▸ **WHAT THE TASK ASKS**
If pictures are present, leave them out, and copy the data word for word.

▸ **COLLECTED MATERIAL**
^^^^
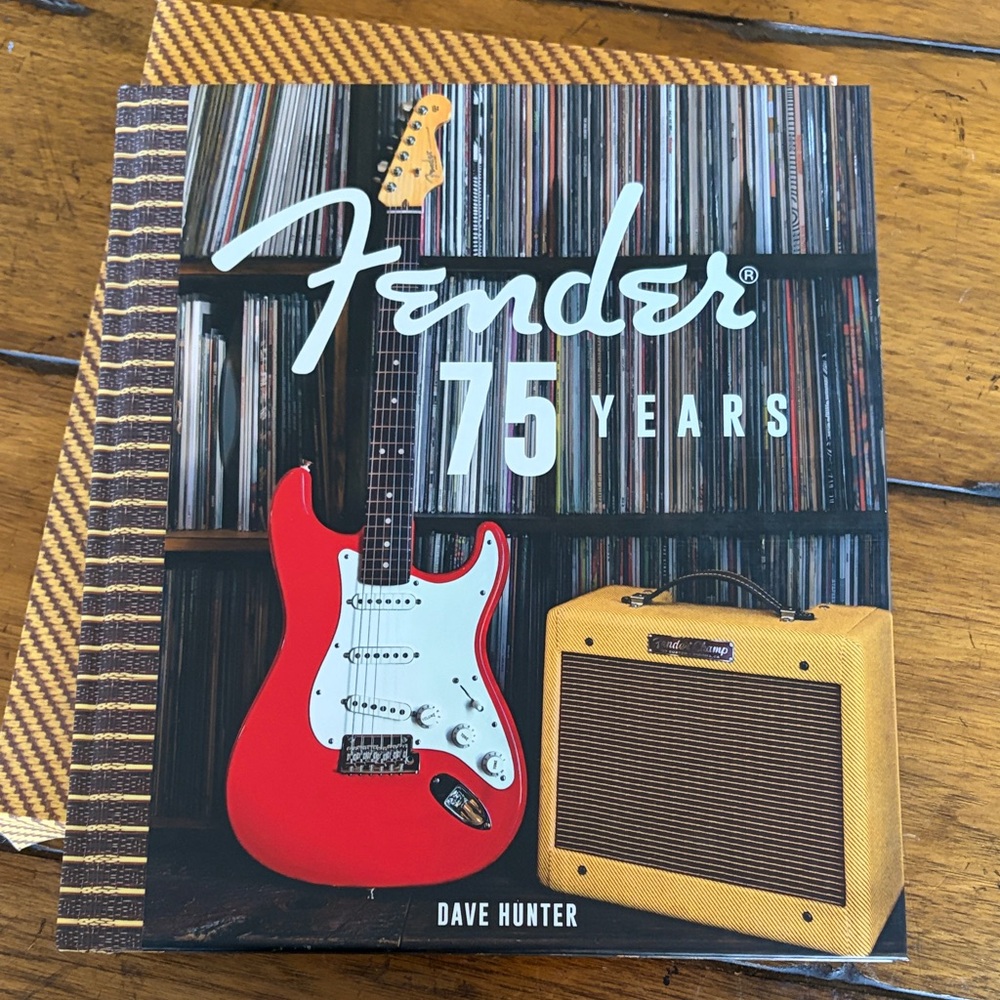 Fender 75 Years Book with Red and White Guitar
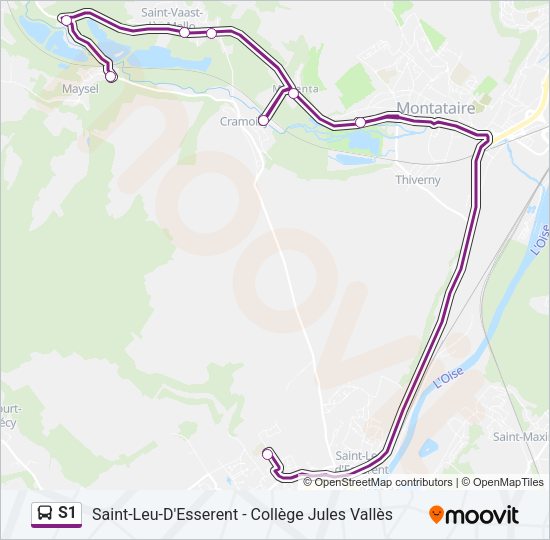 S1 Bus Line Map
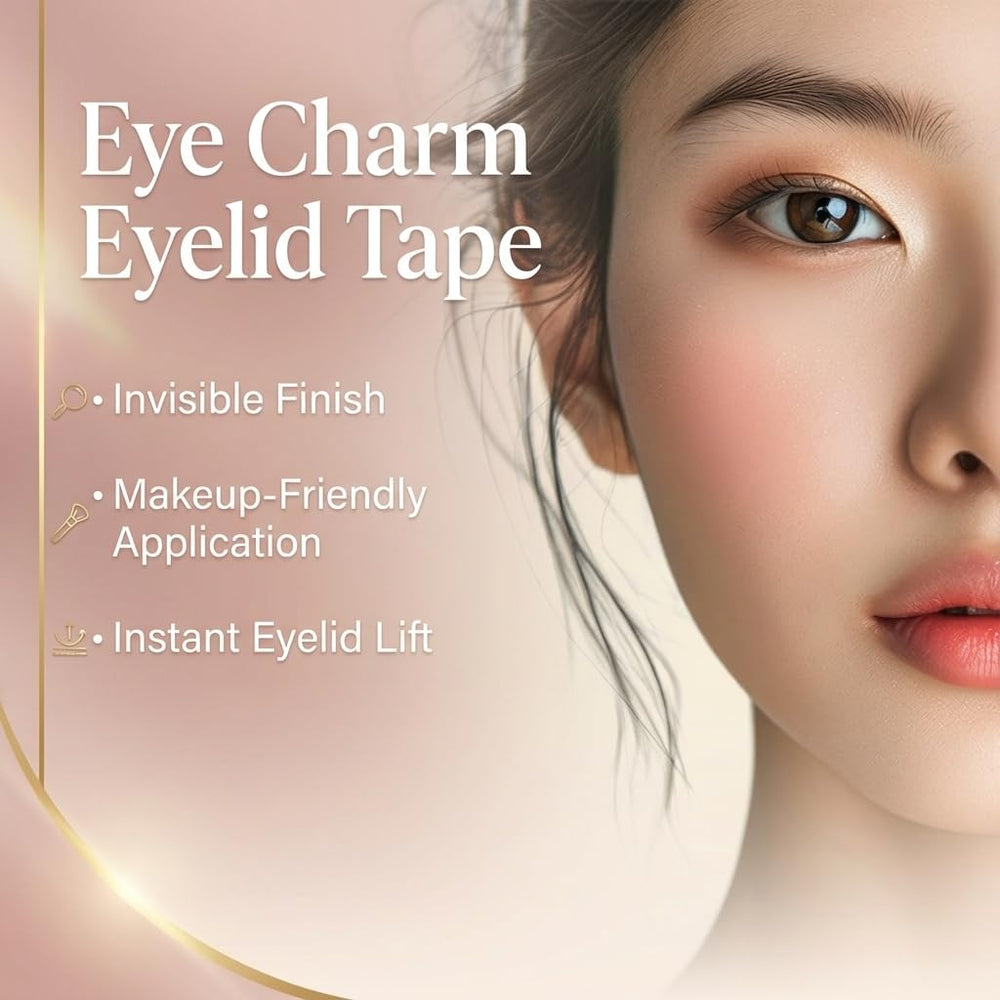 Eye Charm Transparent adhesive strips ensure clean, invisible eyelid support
^^^^
▸ **SOLUTION TO THE PROBLEM**
 Fender 75 Years Book with Red and White Guitar
 S1 Bus Line Map
 Eye Charm Transparent adhesive strips ensure clean, invisible eyelid support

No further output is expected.